Brief descriptive captions:
§ §
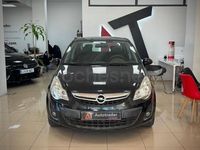 Usado Opel Corsa Selective 86 CV (63 kW) 2013 Negro Utilitario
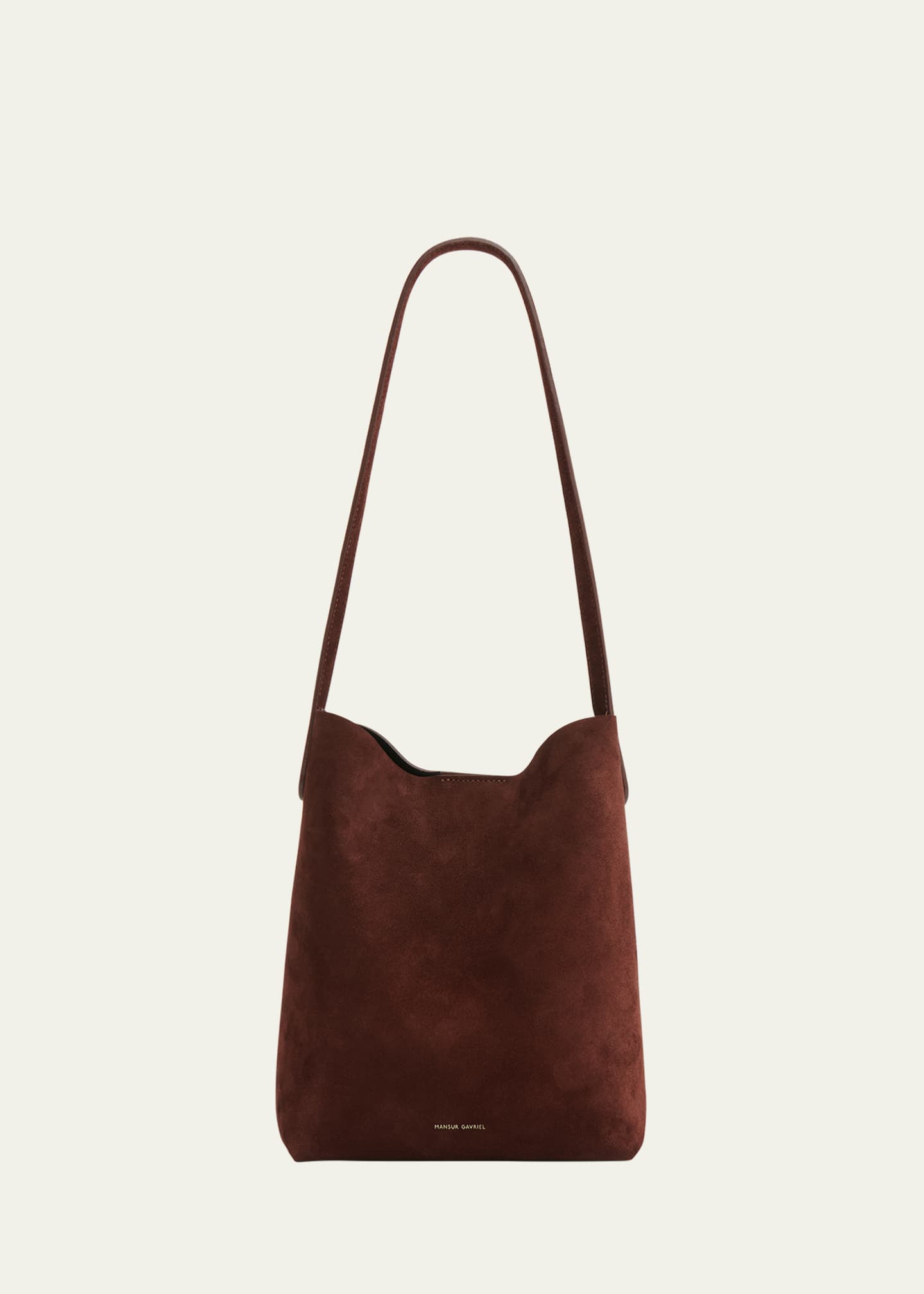 Mansur Gavriel Small Everyday Suede Tote Bag Image 1 of 4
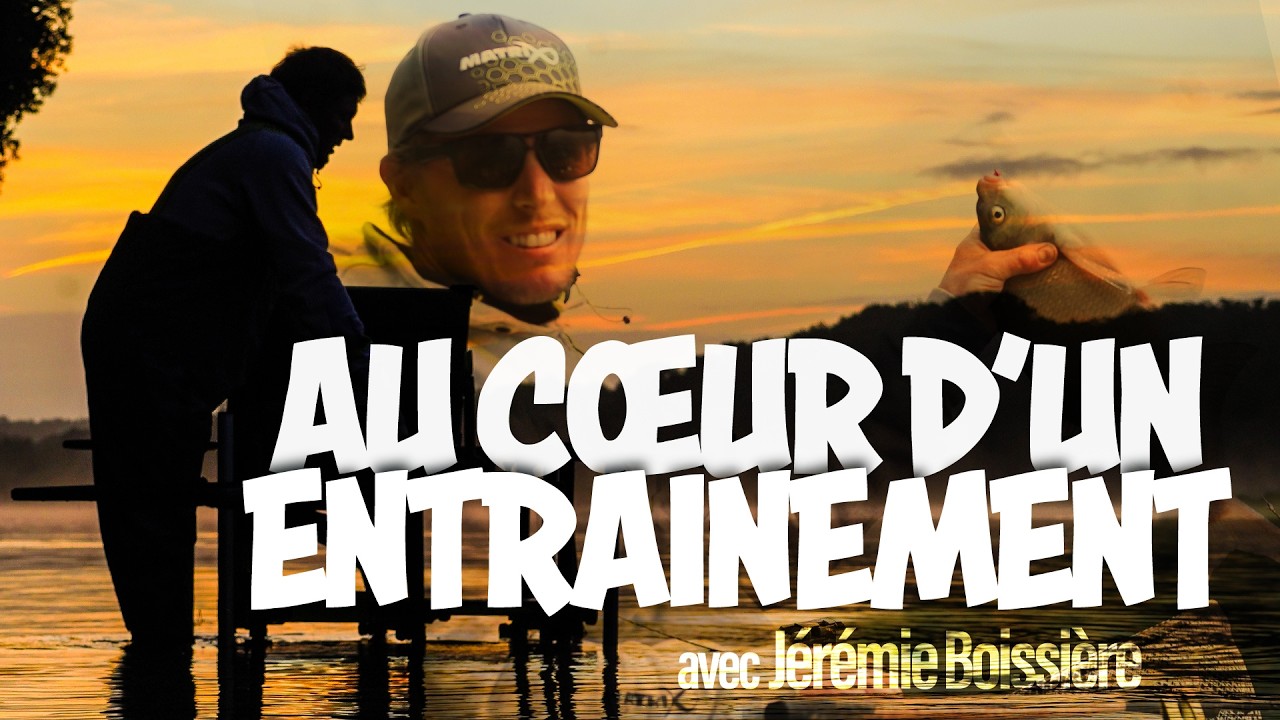 Un entrainement particulier avec J&eacute;r&eacute;mie Boissi&egrave;re...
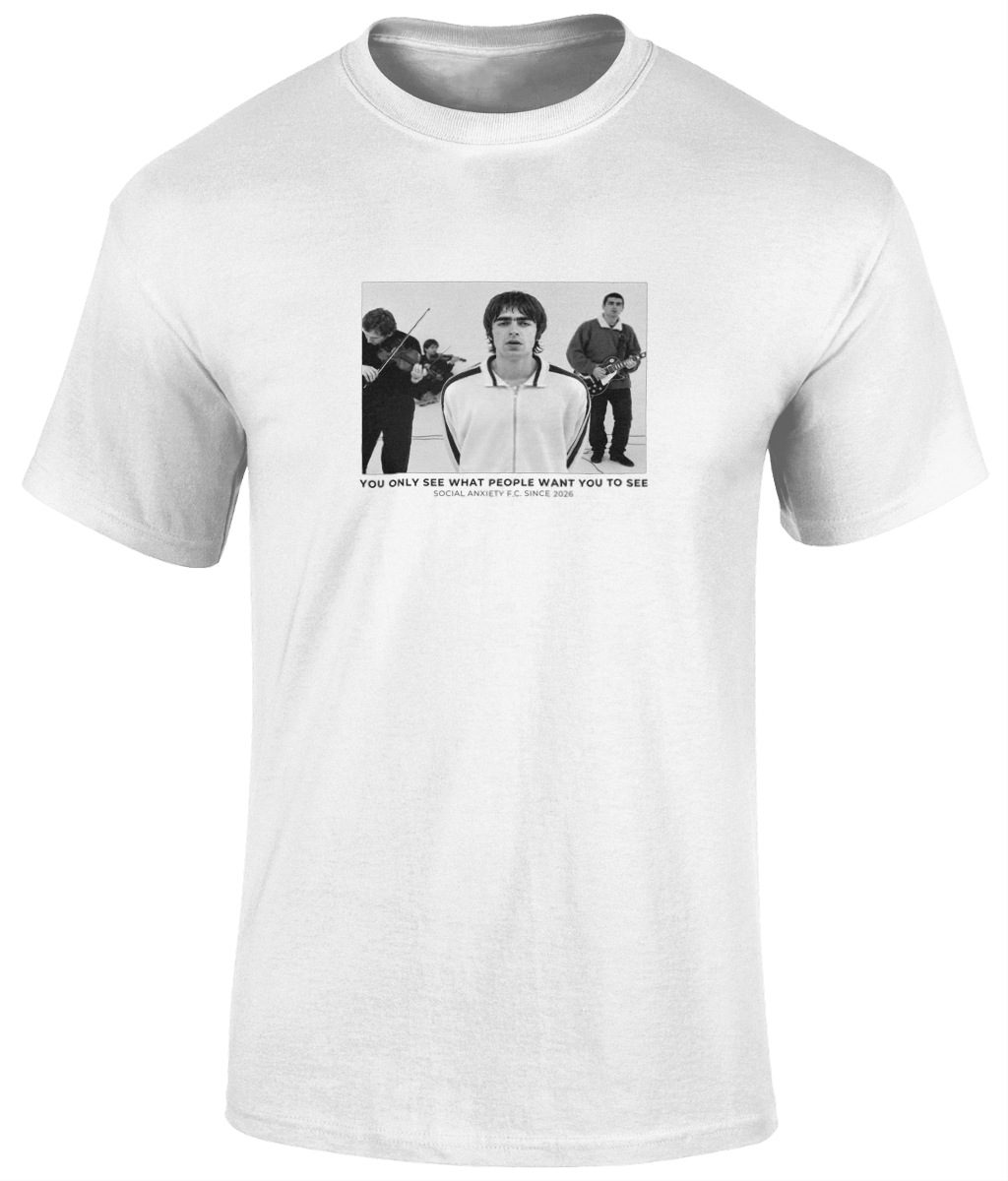 Whatever // T-Shirt by Social Anxiety F.C.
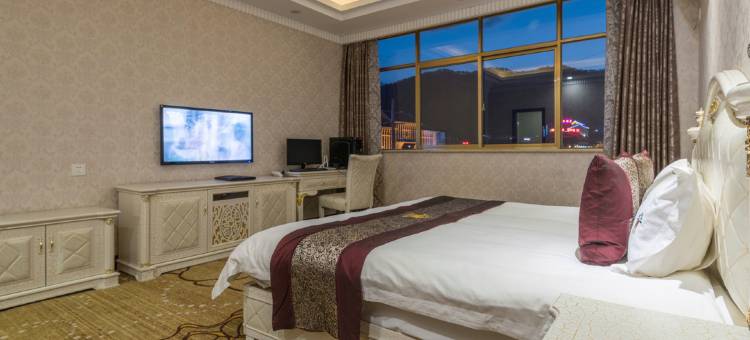 镇沅茶王大酒店图片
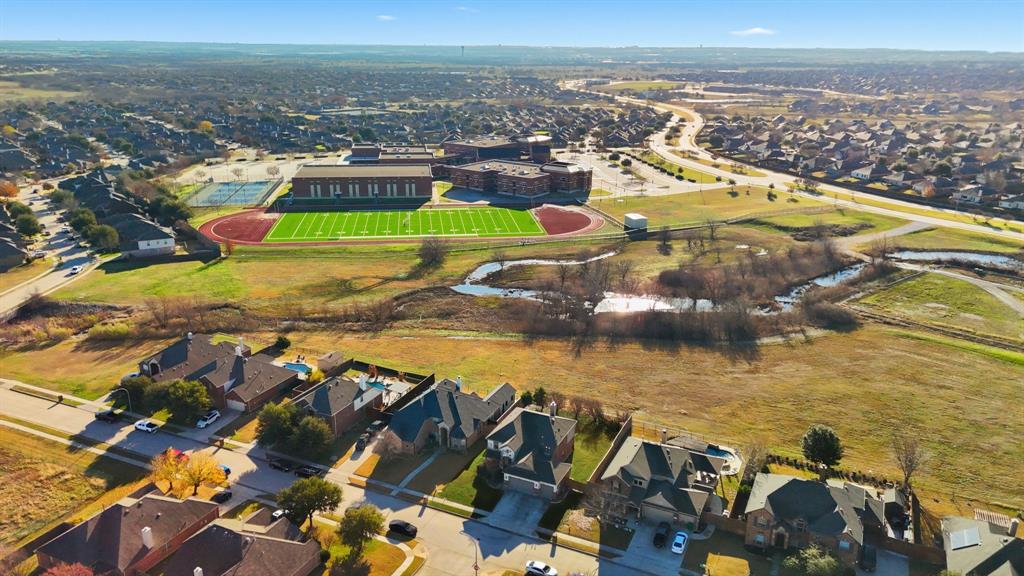 Sendera Ranch - Residential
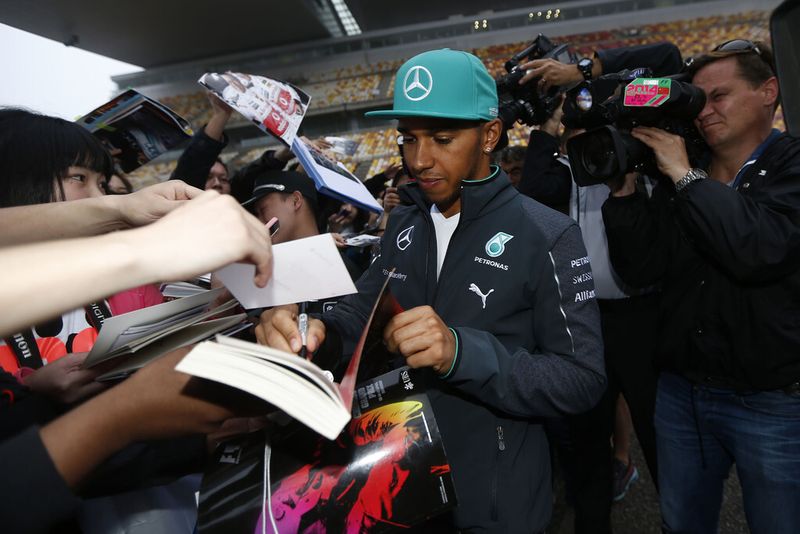 Impressionen: Mercedes in der Formel 1. (Bild: Mercedes)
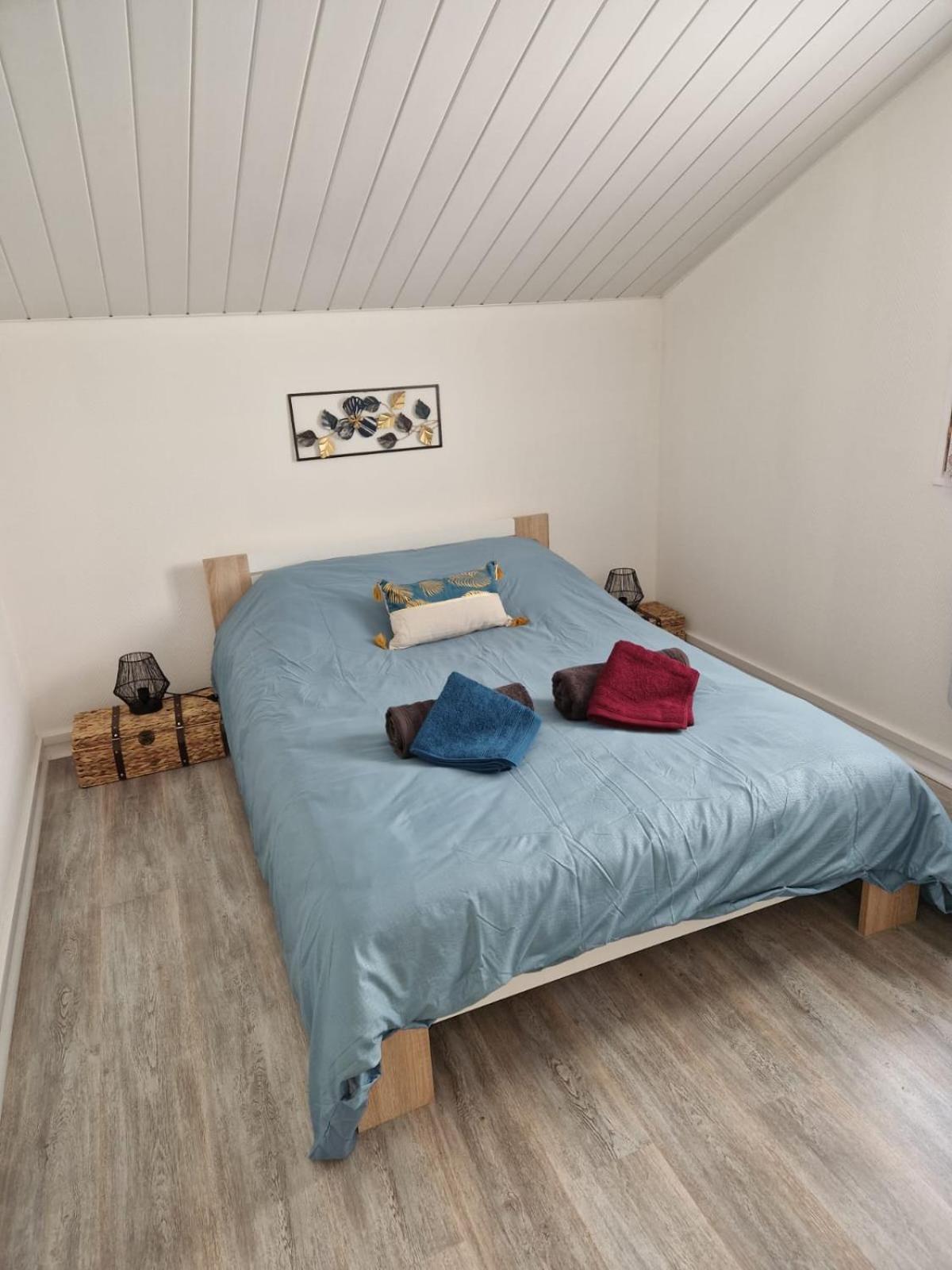 La Maisonnette Brive-la-Gaillarde Buitenkant foto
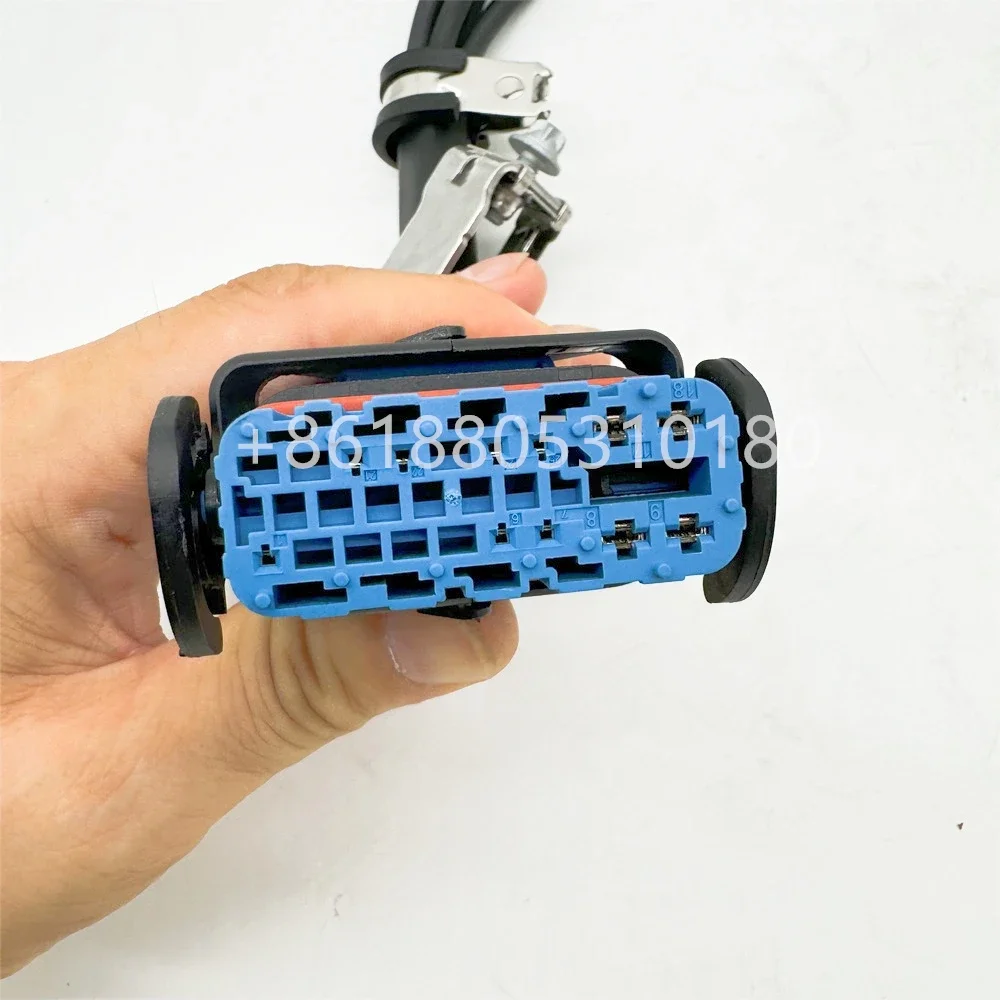 Transmission retarder sensor harness assembly suitable for Mercedes Benz MAN Scania DAF and other trucks 0501.219.774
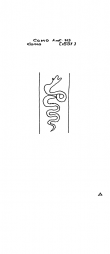 IT1650-PO-43419 - Typ:1 - ID: 91435 - Eintrag Nr.: 46 Wasserzeichen IT1650-PO-43419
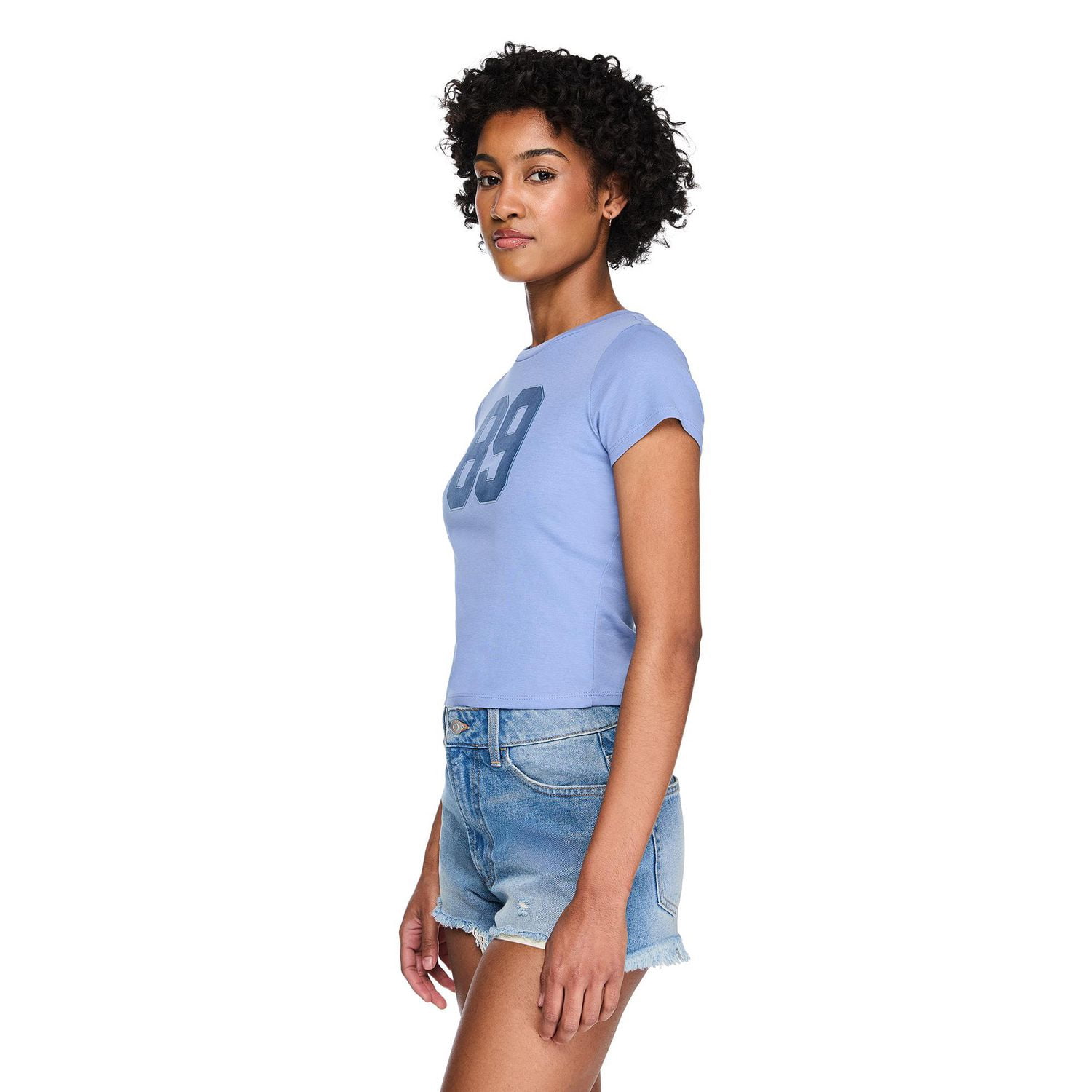 No Boundaries Women's Baby T-Shirt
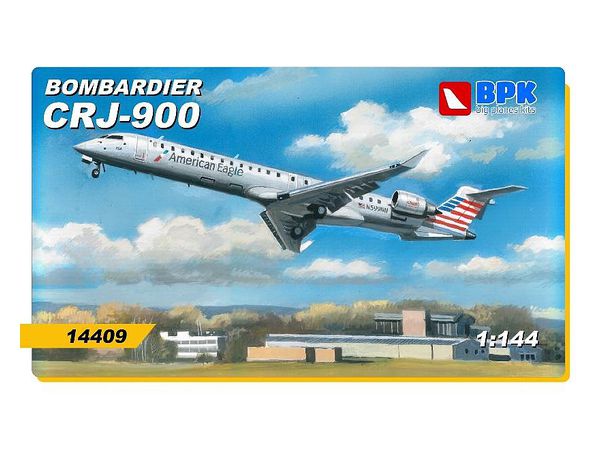 Bombardier CRJ-900 North America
§ §
• **Task directions**
Only the lines from the one with "La Maisonnette Brive-la-Gaillarde" through the final line of the data should be written out, exactly and including both ends. Skip the pictures.

• **Output**
 La Maisonnette Brive-la-Gaillarde Buitenkant foto
 Transmission retarder sensor harness assembly suitable for Mercedes Benz MAN Scania DAF and other trucks 0501.219.774
 IT1650-PO-43419 - Typ:1 - ID: 91435 - Eintrag Nr.: 46 Wasserzeichen IT1650-PO-43419
 No Boundaries Women's Baby T-Shirt
 Bombardier CRJ-900 North America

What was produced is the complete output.